If you believe Abraham Maslow, and I have no idea why you wouldn’t, then Robert Emmon’s quote of the well regarded humanistic psychologist may well resonate with you, “the most important learning lessons… were tragedies, deaths, and trauma… which forced change in the life-outlook of the person and consequently in everything that he did.” 

Yes, great minds like Maslow’s suggest that when we envelop our problems, our disappointments, our hardships, when we step into them, not dodge them, we are better positioned to achieve peak growth. Perhaps that’s the mind-incline to have towards COVID-19, to see this adventure as an opening, as an instrument for psychological growth.  Winston Churchill’s famed comment at Lord Mayor’s Luncheon in November 1942 comes to mind, “The Germans have received back again that measure of fire and steel which they have so often meted out to others. Now this is not the end. It is not even the beginning of the end. But it is, perhaps, the end of the beginning.”

Coronavirus is certainly not over. Perhaps we are at the “end of the beginning.” We don’t know. Nobody does. Regardless (one of my favorite words), those who’ll flourish, troopers who’ll succeed through this, are students of this period of life, learning, absorbing, discovering, understanding its lessons for an enhanced life. Do we “need” hard times to renew ourselves? No. Can’t we bloom and better our lives without adversity? Yes, of course we can. Thankfully, we do. 

Seeing hardship as an analysis, an assessment of our perseverance and devotedness to living better, we are challenged to triumph through and thrive. It’s the “seeing” that’s tricky for so many. “But this situation is killing me physically, emotionally, financially, ruining my life, my family, my future!!!” Yes, it sure is throwing down the challenge and asking us to deal with unprecedented circumstances. We’d be wise to step into this with calm insight that comes from being awakened to suffering, since that’s where “the most important learning lessons” reside. We wisely don’t ask “why is this happening?” but rather, “what can I gain from this?” 
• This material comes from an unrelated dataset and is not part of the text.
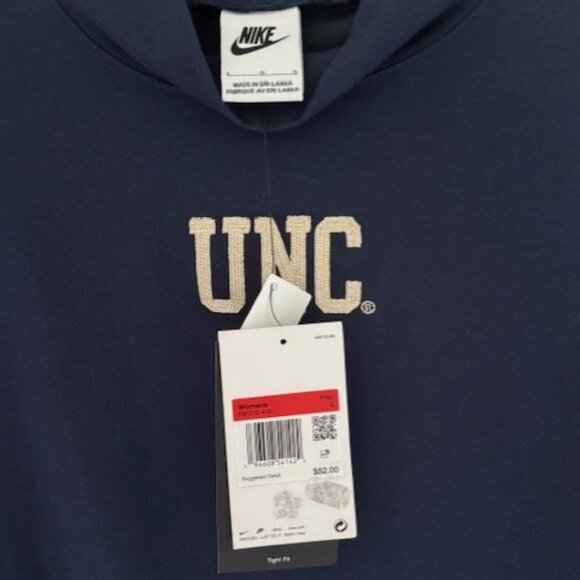 Nike UNC Carolina L Tar Heels Navy Long Sleeve Tight Fit Active Collegiate - Picture 5 of 6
When we are mindful enough, take the time to be heedful and attentive to seeing benefit that can come from hard times, we can grow. Bad times such as we are facing over the past several months and on into the future, can be enriching and optimizing when seen through a thoughtful, sensible mind. That may require taking time and purposefully slowing our thoughts to allow for a more watchful vision. When this takes place, there are less likely seen “positive” or “negative” experiences but rather, there are well illuminated paths to audaciously learning, enhancing, and upgrading life. 
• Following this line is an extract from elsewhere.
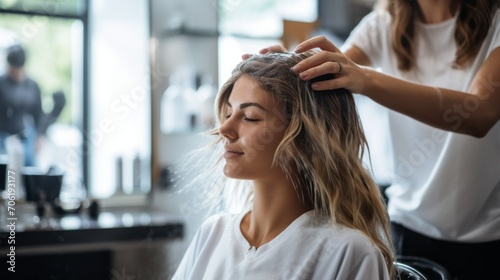 Close-up of a hairdresser applying shampoo, mask to the hair of a client's woman, coloring her hair in a beauty salon. Profession, services, small business, beauty and care concepts.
Dennis Waitley in his 1984 “The Psychology of Winning,” teaches the 10 qualities of winners, that sets them apart and helps them prevail in every sphere of life: personally, professionally and spiritually. He says, “…it makes little difference what is actually happening, it’s how you, personally, take it that really counts!” Sounds like he’s paraphrasing the title of that great book, “The Link is What You Think.” And if that’s not enough, Mihaly Csikszentmihalyi (seriously, that’s how he spells it), in his book, “Flow,” observed, “A person can make himself happy, or miserable, regardless of what is actually happening ‘outside,’ just by changing the contents of consciousness.” Notice one of my favorite words, “regardless”? He adds, “To develop this trait (persevering despite obstacles and setbacks), one must find ways to order consciousness so as to be in control of feelings and thoughts. It is best not to expect shortcuts will do the trick.”
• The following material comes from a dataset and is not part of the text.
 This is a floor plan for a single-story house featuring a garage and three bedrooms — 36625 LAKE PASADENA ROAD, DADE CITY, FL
Leaning into COVID-19 isn’t a shortcut. Welcoming, embracing, impediments in life surely isn’t easy. It’s required, though. It is, after all, a catalyst to growth. We may not always find the toil necessary to control our mind’s response to struggle to be comfortably within reach, but by improving our “personality hardiness,” the ability to survive in trying situations, or an attitude that shapes our view of the world, we can overcome what’s in front of us. This concept was initially proposed by Suzanne Kobasa and Salvatore Maddi. Those who have developed this hardiness are more likely to perceive stressful circumstances as opportunities for personal development. It takes a) commitment to, not alienation from, others, getting outside of yourself, literally connecting with others, b) control, not helplessness, focusing on what you can control, and c) challenge, not staying in a comfort-zone, identifying change as the norm.

Want to grow this psychological edge? Now is a good time. Ask yourself what will you commit to do today to connect with others? Then ask yourself what few things you actually control or could be more in control of? What small steps can you take to treat a problem as a challenge? Then review how your perceptions have changed.

Leaning in, the ability to fearlessly defeat and overcome the trials of our current times, is within all of us. Vow to accept the pain, let go of the idea it must not exist, see the value inside of inevitable obstacles with which you are presented, and dauntlessly be a student who doesn’t dodge the lessons, but rather labors through them. A healthy mindset is wonderful medicine.